◆ SOURCE MATERIAL ◆
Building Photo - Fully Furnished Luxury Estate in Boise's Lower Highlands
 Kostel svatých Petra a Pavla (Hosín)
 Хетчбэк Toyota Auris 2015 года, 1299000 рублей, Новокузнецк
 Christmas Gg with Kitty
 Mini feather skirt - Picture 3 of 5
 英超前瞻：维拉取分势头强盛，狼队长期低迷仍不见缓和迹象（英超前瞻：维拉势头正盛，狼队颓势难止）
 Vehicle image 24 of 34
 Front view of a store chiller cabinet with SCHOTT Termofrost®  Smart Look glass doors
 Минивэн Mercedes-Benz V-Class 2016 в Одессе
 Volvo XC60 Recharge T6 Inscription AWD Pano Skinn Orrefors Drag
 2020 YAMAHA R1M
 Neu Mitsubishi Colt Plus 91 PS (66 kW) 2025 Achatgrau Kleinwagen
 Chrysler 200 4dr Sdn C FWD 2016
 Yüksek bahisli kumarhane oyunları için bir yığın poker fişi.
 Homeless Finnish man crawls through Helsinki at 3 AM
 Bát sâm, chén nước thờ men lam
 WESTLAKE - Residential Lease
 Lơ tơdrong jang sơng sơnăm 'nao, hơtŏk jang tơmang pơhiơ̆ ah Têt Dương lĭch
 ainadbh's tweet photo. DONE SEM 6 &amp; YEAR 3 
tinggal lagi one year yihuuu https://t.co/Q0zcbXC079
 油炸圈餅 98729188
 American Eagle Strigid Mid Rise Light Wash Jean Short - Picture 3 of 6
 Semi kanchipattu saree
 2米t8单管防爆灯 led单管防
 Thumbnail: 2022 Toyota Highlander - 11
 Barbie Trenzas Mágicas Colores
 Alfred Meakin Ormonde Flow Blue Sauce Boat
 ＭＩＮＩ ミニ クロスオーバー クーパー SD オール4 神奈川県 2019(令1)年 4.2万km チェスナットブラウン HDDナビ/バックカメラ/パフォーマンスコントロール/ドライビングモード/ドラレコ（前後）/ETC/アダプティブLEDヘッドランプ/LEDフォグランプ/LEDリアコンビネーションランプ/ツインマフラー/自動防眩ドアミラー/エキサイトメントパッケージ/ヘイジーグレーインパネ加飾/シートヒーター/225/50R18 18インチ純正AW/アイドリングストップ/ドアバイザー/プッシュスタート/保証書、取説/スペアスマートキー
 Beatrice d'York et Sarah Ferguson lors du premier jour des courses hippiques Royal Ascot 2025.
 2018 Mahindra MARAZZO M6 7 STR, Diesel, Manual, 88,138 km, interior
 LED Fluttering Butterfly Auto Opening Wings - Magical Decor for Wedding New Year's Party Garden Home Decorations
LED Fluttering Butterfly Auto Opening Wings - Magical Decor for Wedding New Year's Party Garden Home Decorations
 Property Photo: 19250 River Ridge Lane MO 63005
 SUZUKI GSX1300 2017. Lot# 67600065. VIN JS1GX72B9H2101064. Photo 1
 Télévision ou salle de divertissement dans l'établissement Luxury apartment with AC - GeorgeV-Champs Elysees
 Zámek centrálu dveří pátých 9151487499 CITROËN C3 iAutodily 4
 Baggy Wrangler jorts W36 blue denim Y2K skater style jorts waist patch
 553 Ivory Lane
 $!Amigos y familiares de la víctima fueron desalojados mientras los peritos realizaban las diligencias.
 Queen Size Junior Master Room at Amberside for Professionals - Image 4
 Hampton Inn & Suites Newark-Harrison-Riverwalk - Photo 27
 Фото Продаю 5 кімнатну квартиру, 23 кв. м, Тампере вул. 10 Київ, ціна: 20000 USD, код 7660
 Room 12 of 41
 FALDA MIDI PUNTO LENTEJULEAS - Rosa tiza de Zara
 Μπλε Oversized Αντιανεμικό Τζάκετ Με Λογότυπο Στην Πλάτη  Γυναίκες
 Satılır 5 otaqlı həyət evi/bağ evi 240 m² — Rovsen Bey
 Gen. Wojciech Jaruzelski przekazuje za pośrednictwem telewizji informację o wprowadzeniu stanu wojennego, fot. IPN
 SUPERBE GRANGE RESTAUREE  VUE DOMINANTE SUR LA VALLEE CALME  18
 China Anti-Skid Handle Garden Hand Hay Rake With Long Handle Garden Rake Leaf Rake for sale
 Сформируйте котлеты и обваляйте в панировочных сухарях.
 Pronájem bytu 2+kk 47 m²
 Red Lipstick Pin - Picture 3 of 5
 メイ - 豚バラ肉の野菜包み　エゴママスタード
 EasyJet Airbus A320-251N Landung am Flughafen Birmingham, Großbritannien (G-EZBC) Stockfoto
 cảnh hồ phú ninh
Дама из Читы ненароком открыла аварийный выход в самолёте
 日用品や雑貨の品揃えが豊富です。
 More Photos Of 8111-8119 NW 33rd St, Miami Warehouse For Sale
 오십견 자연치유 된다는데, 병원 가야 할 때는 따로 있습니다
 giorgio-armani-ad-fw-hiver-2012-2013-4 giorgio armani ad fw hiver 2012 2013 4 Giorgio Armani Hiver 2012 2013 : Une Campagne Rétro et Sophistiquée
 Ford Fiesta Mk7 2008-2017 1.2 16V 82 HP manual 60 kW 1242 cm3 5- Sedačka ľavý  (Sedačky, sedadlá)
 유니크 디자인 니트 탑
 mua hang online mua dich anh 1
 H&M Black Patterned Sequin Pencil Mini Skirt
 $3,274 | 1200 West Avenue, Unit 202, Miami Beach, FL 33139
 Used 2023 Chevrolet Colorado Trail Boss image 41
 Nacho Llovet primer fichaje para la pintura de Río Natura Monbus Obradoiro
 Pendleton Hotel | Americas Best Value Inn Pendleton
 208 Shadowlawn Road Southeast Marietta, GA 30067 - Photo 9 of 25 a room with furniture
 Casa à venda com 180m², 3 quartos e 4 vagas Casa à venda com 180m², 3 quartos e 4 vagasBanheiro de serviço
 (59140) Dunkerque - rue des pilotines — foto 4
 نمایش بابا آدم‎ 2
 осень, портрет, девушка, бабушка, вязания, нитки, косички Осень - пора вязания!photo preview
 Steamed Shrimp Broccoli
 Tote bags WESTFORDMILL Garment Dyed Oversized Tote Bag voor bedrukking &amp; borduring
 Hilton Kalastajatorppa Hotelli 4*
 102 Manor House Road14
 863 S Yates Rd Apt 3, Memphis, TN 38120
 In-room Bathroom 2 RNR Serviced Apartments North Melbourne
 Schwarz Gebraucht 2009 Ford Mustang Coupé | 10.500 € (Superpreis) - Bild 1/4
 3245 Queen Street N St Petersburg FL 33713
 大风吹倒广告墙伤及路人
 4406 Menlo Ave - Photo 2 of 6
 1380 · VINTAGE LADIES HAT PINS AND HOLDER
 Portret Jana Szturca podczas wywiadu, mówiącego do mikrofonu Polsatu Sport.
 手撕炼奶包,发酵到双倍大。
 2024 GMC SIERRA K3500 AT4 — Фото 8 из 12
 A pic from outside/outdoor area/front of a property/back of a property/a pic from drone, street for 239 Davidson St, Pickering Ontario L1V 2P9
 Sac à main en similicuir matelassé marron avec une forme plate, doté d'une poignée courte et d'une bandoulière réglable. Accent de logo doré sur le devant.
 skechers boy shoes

◆ WHAT YOU SHOULD DO ◆
From the records above, extract exactly and only the lines that begin at the line with "Хетчбэк Toyota Auris" and stop after the line with "ＭＩＮＩ ミニ クロスオーバー".

◆ SOLUTION FOR THIS PROBLEM ◆
 Хетчбэк Toyota Auris 2015 года, 1299000 рублей, Новокузнецк
 Christmas Gg with Kitty
 Mini feather skirt - Picture 3 of 5
 英超前瞻：维拉取分势头强盛，狼队长期低迷仍不见缓和迹象（英超前瞻：维拉势头正盛，狼队颓势难止）
 Vehicle image 24 of 34
 Front view of a store chiller cabinet with SCHOTT Termofrost®  Smart Look glass doors
 Минивэн Mercedes-Benz V-Class 2016 в Одессе
 Volvo XC60 Recharge T6 Inscription AWD Pano Skinn Orrefors Drag
 2020 YAMAHA R1M
 Neu Mitsubishi Colt Plus 91 PS (66 kW) 2025 Achatgrau Kleinwagen
 Chrysler 200 4dr Sdn C FWD 2016
 Yüksek bahisli kumarhane oyunları için bir yığın poker fişi.
 Homeless Finnish man crawls through Helsinki at 3 AM
 Bát sâm, chén nước thờ men lam
 WESTLAKE - Residential Lease
 Lơ tơdrong jang sơng sơnăm 'nao, hơtŏk jang tơmang pơhiơ̆ ah Têt Dương lĭch
 ainadbh's tweet photo. DONE SEM 6 &amp; YEAR 3 
tinggal lagi one year yihuuu https://t.co/Q0zcbXC079
 油炸圈餅 98729188
 American Eagle Strigid Mid Rise Light Wash Jean Short - Picture 3 of 6
 Semi kanchipattu saree
 2米t8单管防爆灯 led单管防
 Thumbnail: 2022 Toyota Highlander - 11
 Barbie Trenzas Mágicas Colores
 Alfred Meakin Ormonde Flow Blue Sauce Boat
 ＭＩＮＩ ミニ クロスオーバー クーパー SD オール4 神奈川県 2019(令1)年 4.2万km チェスナットブラウン HDDナビ/バックカメラ/パフォーマンスコントロール/ドライビングモード/ドラレコ（前後）/ETC/アダプティブLEDヘッドランプ/LEDフォグランプ/LEDリアコンビネーションランプ/ツインマフラー/自動防眩ドアミラー/エキサイトメントパッケージ/ヘイジーグレーインパネ加飾/シートヒーター/225/50R18 18インチ純正AW/アイドリングストップ/ドアバイザー/プッシュスタート/保証書、取説/スペアスマートキー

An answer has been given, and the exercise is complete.